Demographic and clinical data were extracted from patients’ medical records, including medical history, tumor characteristics (type and location), resected breast tissue weight and volume, ADM volume used, and details of neoadjuvant/adjuvant chemotherapy and radiation therapy.

The study protocol was approved by the Institutional Review Board of Kosin University Gospel Hospital (approval number KUGH 2024-08-016, approval date 14 August 2024). All participants provided informed consent for their medical information to be stored in the database and used for research purposes. The study was conducted in accordance with the principles of the 1964 Declaration of Helsinki and its later amendments.

2.2. MRI Protocol and Volumetric Analysis

Follow-up MRI examinations were performed at 6, 12, and 24 months postoperatively to assess ADM volumetric changes and for cancer surveillance.
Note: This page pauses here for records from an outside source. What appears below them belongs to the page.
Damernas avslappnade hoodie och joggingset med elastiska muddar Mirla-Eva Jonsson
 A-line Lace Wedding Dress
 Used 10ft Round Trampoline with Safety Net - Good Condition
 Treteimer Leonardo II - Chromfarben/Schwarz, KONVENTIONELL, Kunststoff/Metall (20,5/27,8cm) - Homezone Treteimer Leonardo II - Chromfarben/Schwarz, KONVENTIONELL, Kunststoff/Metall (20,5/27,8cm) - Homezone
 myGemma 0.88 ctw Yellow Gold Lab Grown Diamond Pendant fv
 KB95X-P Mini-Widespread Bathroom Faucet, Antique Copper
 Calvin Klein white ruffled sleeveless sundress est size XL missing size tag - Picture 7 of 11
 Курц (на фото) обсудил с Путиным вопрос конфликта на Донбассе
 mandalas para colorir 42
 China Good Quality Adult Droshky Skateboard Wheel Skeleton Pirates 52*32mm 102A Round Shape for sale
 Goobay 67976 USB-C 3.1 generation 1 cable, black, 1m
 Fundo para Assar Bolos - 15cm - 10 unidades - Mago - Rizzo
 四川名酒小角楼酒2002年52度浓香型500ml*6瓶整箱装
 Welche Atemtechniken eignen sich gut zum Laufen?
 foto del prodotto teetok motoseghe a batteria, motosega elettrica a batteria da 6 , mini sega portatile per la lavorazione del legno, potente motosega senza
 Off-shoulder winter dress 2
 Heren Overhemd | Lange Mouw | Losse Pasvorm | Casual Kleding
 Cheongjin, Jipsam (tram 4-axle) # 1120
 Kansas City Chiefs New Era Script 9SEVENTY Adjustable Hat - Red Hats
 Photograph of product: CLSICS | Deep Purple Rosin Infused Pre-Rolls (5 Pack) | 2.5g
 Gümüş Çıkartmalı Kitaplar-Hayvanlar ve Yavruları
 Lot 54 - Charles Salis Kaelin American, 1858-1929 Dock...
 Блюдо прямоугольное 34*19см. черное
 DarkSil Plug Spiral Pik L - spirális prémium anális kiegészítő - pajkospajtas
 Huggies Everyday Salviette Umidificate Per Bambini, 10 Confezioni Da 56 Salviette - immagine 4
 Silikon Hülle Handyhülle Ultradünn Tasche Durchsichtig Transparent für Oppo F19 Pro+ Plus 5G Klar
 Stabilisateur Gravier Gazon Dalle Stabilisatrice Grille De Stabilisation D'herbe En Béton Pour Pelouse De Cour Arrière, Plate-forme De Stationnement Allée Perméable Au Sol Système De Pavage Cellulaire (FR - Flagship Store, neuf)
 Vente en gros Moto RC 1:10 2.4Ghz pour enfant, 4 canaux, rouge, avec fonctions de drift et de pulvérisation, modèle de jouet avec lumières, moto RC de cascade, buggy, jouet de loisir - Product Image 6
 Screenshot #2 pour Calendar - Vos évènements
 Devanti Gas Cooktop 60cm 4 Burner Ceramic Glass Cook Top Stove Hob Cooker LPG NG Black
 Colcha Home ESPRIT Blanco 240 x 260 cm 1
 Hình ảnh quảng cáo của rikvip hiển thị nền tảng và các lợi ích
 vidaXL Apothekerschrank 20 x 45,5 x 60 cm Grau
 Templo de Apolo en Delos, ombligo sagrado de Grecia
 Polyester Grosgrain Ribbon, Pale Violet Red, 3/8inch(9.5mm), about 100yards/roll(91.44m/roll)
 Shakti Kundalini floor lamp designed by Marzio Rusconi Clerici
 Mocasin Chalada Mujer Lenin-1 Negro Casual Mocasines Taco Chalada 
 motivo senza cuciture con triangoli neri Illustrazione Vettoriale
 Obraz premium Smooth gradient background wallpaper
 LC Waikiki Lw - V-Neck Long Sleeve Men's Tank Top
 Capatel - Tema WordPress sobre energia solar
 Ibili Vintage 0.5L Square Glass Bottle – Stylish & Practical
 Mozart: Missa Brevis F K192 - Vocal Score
All MRIs were performed using a 3T breast MRI system (Discovery MR 750w, General Electric Healthcare, Waukesha, WI, USA).

The imaging protocol included:

• Axial, sagittal, and coronal turbo spin-echo T2-weighted imaging (T2WI).
• Echo-planar diffusion-weighted imaging (DWI).
• Spoiled gradient echo dynamic contrast-enhanced (DCE) sequences.
• Sagittal T2WI: 5 mm slice thickness (4 mm with 1 mm gap).
• Axial T2WI and T1-weighted imaging (T1WI): 7 mm slice thickness (5 mm with 2 mm gap).

Two sets of T2WI were acquired using conventional (4 min) and short (2 min 30 s) acquisition times, with a matrix size of 512 × 512 and a field of view of 180 × 180 mm. All MRI examinations were performed with patients in the prone position using a dedicated breast coil to minimize motion artifacts and optimize breast tissue visualization, maintaining consistent positioning across all follow-up time points to ensure reliable volumetric comparisons.

2.3. Volumetric Analysis of ADM

Quantitative analyses of the ADM volumes were performed at three time points postoperatively: 6, 12, and 24 months. The MRI data were assessed by three reviewers: one radiologist specializing in breast MRI (JHY) and two plastic surgeons experienced in oncoplastic breast reconstruction. The reviewers independently evaluated all serial MRI studies for each of the 172 patients. Areas exhibiting moderate to low signal intensity on T2-weighted images that corresponded to the location of the ADM were identified (Figure 1).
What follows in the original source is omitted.